This exclusive DVD boasts the same usual quality as other Shout! Factory releases of the series. The movie has its visual and aural shortcomings (some of them noted by the episode's commentary), but fewer than many "MST3K" subjects. Meanwhile, the original content looks just fine; far from stunning, but about the best you'd expect from a nearly 20-year-old cable program inexpensively produced in the middle of the country. Subtract points for Shout!'s usual lack of both subtitles and closed captioning. I can't be alone in wishing that they could make one of those (preferably subtitles) work, especially given the not quite bargain bin pricing of this franchise's DVDs. I'd imagine that given the opportunity, fans of the series might even volunteer their transcription services.

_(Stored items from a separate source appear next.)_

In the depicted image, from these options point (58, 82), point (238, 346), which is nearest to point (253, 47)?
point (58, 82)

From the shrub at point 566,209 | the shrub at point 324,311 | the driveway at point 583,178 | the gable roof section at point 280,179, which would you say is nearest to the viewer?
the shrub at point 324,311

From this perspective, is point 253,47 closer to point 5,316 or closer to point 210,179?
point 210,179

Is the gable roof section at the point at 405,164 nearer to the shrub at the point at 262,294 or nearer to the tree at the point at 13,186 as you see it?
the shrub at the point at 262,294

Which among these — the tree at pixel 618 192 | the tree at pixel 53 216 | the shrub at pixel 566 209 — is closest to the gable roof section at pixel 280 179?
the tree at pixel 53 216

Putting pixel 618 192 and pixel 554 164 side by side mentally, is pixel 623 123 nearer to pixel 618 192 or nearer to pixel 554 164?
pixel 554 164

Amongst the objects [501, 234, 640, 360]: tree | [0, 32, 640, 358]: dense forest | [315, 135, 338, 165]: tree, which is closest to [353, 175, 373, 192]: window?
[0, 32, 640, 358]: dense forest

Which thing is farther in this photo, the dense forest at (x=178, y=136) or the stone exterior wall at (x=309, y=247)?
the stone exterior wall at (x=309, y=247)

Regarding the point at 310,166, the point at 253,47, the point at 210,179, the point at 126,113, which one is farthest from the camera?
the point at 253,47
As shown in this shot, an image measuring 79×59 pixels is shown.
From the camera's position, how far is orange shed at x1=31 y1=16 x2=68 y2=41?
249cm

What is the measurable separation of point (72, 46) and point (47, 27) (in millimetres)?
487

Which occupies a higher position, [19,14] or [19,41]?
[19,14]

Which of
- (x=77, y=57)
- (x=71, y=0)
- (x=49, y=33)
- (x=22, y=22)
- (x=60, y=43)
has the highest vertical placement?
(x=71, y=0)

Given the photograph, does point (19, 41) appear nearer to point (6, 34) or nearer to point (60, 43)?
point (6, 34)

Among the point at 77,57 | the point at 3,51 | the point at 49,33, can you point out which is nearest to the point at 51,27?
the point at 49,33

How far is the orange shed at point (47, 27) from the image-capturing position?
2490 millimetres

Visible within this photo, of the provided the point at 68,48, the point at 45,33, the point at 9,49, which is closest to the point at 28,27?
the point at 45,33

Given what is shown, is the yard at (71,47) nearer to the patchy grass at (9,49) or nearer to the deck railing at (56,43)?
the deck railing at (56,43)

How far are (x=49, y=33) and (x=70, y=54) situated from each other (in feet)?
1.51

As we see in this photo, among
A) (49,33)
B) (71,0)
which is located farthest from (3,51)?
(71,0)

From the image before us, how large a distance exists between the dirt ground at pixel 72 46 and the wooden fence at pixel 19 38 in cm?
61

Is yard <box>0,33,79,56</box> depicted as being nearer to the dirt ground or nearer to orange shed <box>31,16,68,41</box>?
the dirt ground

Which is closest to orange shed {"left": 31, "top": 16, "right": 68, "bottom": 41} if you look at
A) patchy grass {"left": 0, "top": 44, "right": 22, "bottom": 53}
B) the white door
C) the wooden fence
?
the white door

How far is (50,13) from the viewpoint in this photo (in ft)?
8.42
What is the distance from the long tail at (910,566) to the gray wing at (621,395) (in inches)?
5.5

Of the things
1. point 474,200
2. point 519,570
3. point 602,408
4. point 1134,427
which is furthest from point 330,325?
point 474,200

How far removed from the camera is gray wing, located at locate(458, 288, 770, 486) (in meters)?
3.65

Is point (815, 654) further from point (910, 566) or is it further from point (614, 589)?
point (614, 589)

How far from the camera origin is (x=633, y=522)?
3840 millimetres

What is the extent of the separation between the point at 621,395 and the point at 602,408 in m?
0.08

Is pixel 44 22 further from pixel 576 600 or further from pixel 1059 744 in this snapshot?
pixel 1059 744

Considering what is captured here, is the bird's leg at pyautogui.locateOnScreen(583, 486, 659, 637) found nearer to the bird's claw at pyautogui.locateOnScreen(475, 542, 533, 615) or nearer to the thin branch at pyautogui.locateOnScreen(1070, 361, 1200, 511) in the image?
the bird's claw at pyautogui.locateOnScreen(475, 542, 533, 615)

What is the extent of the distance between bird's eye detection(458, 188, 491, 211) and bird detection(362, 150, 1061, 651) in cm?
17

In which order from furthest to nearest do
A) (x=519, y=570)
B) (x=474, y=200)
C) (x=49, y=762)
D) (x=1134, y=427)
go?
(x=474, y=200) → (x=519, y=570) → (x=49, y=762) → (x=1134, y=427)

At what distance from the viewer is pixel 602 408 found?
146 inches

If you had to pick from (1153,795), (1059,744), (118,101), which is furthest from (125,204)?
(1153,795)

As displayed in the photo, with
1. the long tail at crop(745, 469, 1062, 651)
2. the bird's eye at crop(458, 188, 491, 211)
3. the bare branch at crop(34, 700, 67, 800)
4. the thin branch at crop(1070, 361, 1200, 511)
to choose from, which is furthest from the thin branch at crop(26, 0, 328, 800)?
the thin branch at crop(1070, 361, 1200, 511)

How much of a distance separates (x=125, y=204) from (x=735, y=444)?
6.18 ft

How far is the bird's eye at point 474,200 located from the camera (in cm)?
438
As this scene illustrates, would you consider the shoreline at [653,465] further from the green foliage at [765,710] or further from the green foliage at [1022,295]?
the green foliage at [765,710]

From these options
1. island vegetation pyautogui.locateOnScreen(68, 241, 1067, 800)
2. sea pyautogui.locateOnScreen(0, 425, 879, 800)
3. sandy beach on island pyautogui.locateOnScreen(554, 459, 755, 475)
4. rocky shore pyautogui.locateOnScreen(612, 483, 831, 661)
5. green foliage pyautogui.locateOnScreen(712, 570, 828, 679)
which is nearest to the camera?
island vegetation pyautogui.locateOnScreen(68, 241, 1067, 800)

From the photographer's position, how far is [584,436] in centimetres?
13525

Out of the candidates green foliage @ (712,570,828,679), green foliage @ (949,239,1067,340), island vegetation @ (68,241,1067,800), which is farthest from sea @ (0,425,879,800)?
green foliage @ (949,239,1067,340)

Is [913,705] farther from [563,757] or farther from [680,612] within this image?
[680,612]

As usual for these Shout! Select releases, this DVD is void of bonus features. All it offers besides the episode is a single menu fitted with mild background animation, a loop of Batwoman score, and a "Play Movie" listing. Rhino's DVD did include an uncut version of the film, a nice touch that has sadly long since disappeared from "MST3K" DVDs. Obviously, the episode is sure to be the more diverting presentation, but it is unfortunate that Batwoman does not appear to be available on DVD on its own in any way now.

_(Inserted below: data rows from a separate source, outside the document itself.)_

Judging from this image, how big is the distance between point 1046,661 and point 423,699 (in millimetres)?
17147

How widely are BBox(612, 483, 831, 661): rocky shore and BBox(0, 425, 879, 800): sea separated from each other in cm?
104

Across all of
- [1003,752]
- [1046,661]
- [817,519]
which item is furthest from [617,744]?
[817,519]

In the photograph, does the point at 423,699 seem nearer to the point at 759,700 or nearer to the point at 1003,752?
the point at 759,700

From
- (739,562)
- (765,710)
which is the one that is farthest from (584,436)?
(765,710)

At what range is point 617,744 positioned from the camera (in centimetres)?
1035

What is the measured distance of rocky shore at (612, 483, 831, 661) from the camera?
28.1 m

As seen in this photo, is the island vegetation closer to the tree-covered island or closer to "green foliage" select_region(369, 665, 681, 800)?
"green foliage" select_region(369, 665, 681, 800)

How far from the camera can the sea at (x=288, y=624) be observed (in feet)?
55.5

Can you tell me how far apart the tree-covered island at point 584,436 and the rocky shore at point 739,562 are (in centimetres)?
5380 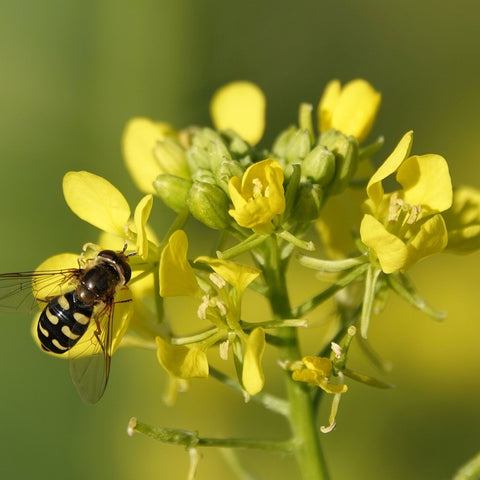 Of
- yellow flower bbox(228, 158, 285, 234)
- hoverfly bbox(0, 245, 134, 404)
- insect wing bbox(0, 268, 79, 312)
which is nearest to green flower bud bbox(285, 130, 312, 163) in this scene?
yellow flower bbox(228, 158, 285, 234)

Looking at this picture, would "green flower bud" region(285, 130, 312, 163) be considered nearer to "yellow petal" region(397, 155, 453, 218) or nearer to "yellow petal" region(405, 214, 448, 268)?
"yellow petal" region(397, 155, 453, 218)

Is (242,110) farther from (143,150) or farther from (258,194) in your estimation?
(258,194)

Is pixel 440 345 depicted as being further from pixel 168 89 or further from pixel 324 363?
pixel 324 363

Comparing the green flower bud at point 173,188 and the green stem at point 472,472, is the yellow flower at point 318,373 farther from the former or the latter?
the green flower bud at point 173,188

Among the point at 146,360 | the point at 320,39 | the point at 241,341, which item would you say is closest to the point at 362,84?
the point at 241,341

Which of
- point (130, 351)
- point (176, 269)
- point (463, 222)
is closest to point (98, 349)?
point (176, 269)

The clear keepcase includes a thoughtful description of the episode and the appropriate usual designs with an original Batwoman poster to fit this episode.

Crow T. Robot keeps hitting in the episode-opening game of blackjack dealt by Mike Nelson (Michael J. Nelson). The oft-dancing Bat Girls are all ears while their leader Batwoman (Katherine Victor) addresses them.


The Wild World of Batwoman is undoubtedly one of the most outlandish superhero stories committed to film, if you can even call it that. A shameless attempt to cash in on Batman's new TV and film popularity, this 1960s movie is lacking creatively, technically, and in any other way you can imagine. Alas, while its failings fuel a good amount of humorous barbs from the "MST3K" gang, its sheer unwatchability prevent this Season 5 episode from being too enjoyable. Any "MST3K" fan would probably find it worthwhile to see this episode, but only completists will feel the need to own it. Shout! Factory's exclusive DVD provides the bare essentials, making it a bit slight for the asking price but probably just right for the still faithful following that wants nothing more than to see or revisit the episode in professional DVD quality.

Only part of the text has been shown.